Ramin Shokrizade, Blogger

May 31, 2013

10 Min Read

In 1997 the size of games got much bigger with the introduction of Ultima Online. In 1999 the scope of games increased again dramatically with the release of Everquest. Now it was possible to have complex social interactions in virtual space, and even have virtual careers that paid more than “real world” careers (this is me, “Lee”, in 2000: http://articles.latimes.com/2000/apr/20/news/mn-21581).

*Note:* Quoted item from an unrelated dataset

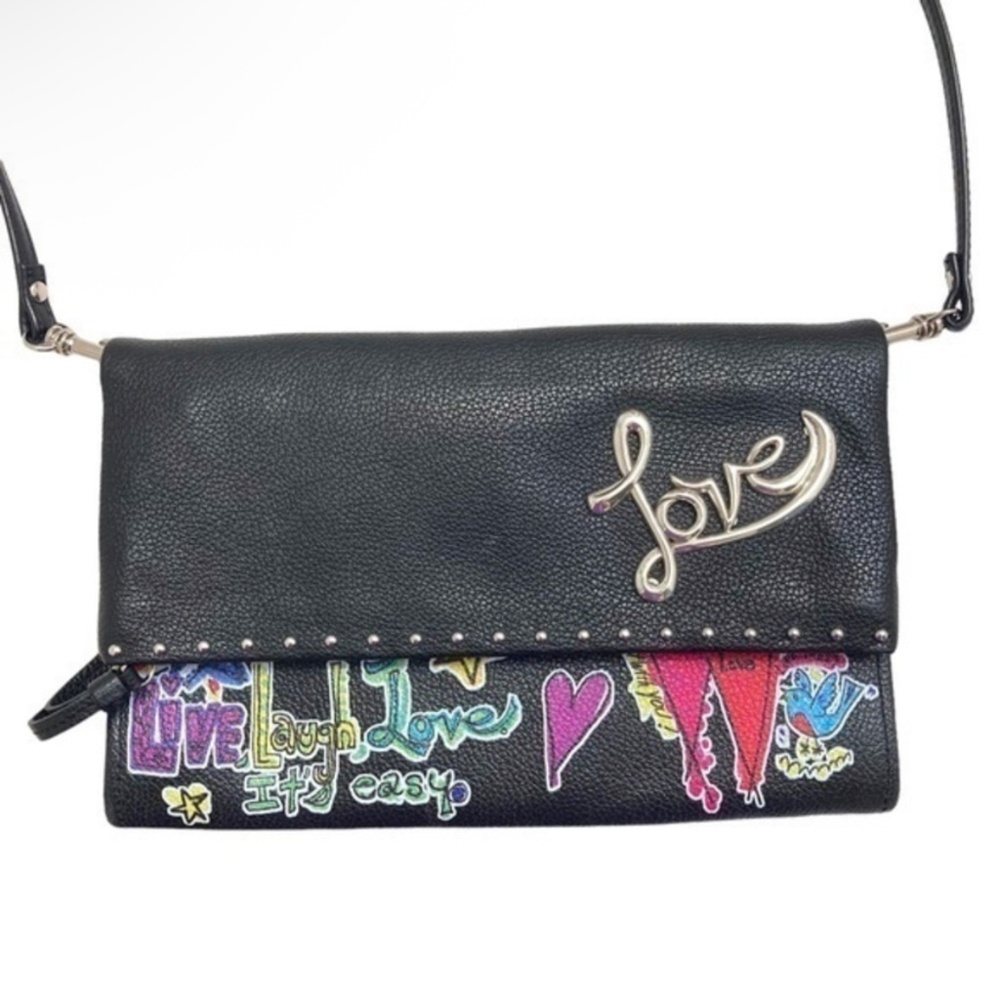 Brighton black leather graffiti crossbody wallet bag LOVE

Then the top got completely blown off of gaming with the introduction of two games in 2003, CCP's EVE Online and Blizzard Entertainment's World of Warcraft. Both of these games ended up being the pinnacle of “Big” in our industry and they just kept getting bigger. Then a strange thing happened.

 Nothing happened.

In the arena of “big”, it became a veritable Damnation Alley with competitors crashing and burning right and left. Millions of dollars were lost and investors became panicked. There were a few standouts that held their own, like Cryptic Studio's (NCSoft's) City of Heroes and Square Enix's Final Fantasy XI. Competitors thinking they had to be “bigger than Big” died horrible and gruesome deaths in the marketplace. I could give names, but I don't think several pages of literally billions of dollars of lost investments is necessary here.

I'm going to let you in on a secret I have been sitting on for years now. It was never about Big.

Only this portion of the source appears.